Information supplied:
▬▬▬▬▬▬

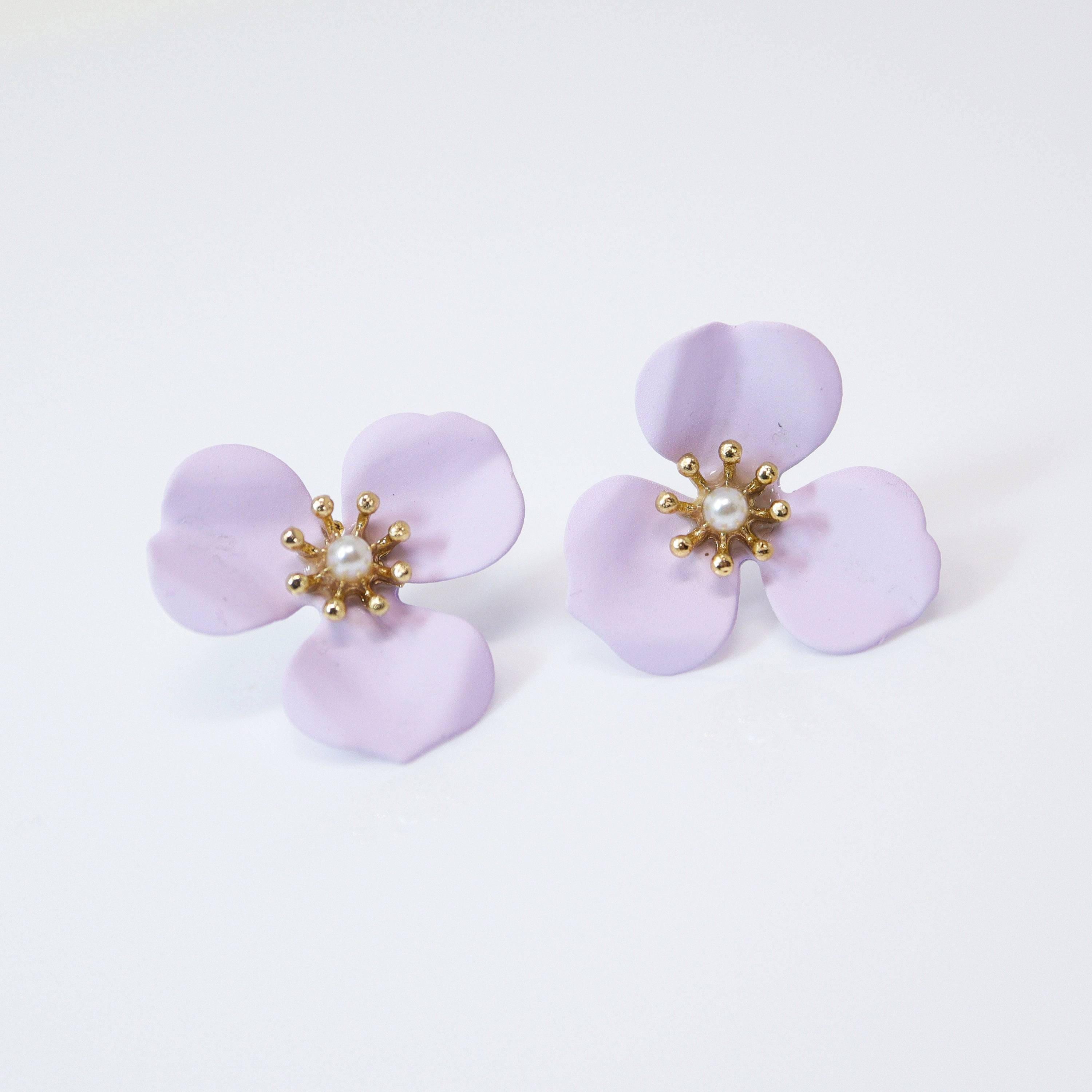lavender flower earrings Three Petal Lavender Flower Pearl Earrings, Bridal Jewelry, Bridal Stud Earrings, Bridal Earrings, Statement Earrings, Bridesmaid Earring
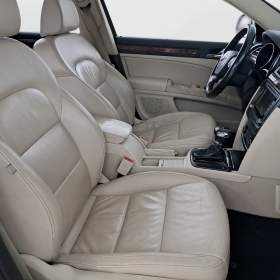 Foto inzerátu Skoda Superb 2.0 TDI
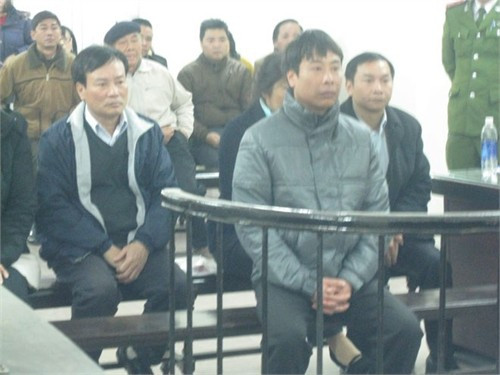 Các bị cáo (hai hàng ghế đầu) tại tòa.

▬▬▬▬▬▬

Work instructions:
Your answer should contain all the material above, written out exactly, and none of the pictures.

Output for this exercise:
lavender flower earrings Three Petal Lavender Flower Pearl Earrings, Bridal Jewelry, Bridal Stud Earrings, Bridal Earrings, Statement Earrings, Bridesmaid Earring
 Foto inzerátu Skoda Superb 2.0 TDI
 Các bị cáo (hai hàng ghế đầu) tại tòa.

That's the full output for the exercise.